Selon la direction, 23,7% du personnel ont débrayé (42,4% des agents de conduite et 47,5% des contrôleurs).
Pour sa part, la CGT comptabilisait 33% de grévistes, toutes catégories confondues, et 50% chez les agents de terrain (accueil en gare, conducteurs, contrôleurs...).
Les taux accusent un "recul significatif" par rapport à juin, a observé auprès de l'AFP François Nogué, directeur général délégué chargé de la cohésion et des ressources humaines du groupe SNCF.

Le précédent mouvement du 13 juin avait mobilisé en moyenne 33,2% des cheminots (68,6% des agents de conduite et 70,4% des contrôleurs), selon les chiffres de la direction, 47,3% selon la CGT.


Appel à la reconductibilté 

Pour SUD-Rail, "les cheminots ont clairement lancé un ultimatum". Le syndicat appelle maintenant les autres organisations à "construire dans l'unité un mouvement reconductible". Ce qui est aujourd'hui exclu pour l'Unsa, a indiqué son secrétaire général Marc Baucher qui compte pousser des amendements à l'Assemblée nationale et au Sénat pour modifier le projet de loi.

"Notre entreprise est malade et la réforme du gouvernement ne va rien améliorer", a déclaré l'un de ses représentants Guy Rymarczyk devant la gare de Brétigny-sur-Orge (Essonne), où environ 80 cheminots s'étaient rassemblés, cinq mois après le déraillement du 12 juillet 2013 qui a fait sept morts.

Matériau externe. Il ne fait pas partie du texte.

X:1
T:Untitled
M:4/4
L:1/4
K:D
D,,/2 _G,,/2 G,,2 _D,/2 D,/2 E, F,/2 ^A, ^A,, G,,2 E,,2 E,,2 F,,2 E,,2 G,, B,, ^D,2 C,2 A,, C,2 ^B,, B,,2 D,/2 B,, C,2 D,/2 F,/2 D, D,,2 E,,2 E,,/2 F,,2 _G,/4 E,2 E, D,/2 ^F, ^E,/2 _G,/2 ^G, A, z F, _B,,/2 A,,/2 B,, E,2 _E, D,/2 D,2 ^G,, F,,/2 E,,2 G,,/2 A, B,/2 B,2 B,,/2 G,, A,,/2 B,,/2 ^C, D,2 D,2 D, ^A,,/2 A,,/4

Trafic "conforme" aux prévisions

Plus limitées qu'en juin, les perturbations du 12 décembre ont tout de même entraîné un lot de désagréments pour des milliers de voyageurs, qui ont dû reporter leur voyage ou prévoir des temps de transport plus longs.   
Selon la SNCF, "le service garanti" annoncé a été "tenu conformément aux prévisions", soit sept trains sur dix sur les grandes lignes (six sur dix pour les TGV).
En moyenne, six TER sur 10 circulaient et un Intercités sur deux, avec de grandes disparités selon les régions.
 
En Ile-de-France, la situation était compliquée sur les lignes C, D et E du RER, avec 1 train sur 2. Seule la ligne A fonctionnant normalement. Le RER B était le plus affecté avec seulement une liaison sur quatre assurée dans sa portion Nord. Gare du Nord, où l'interconnexion RATP-SNCF n'était pas assurée, les trains étaient bondés.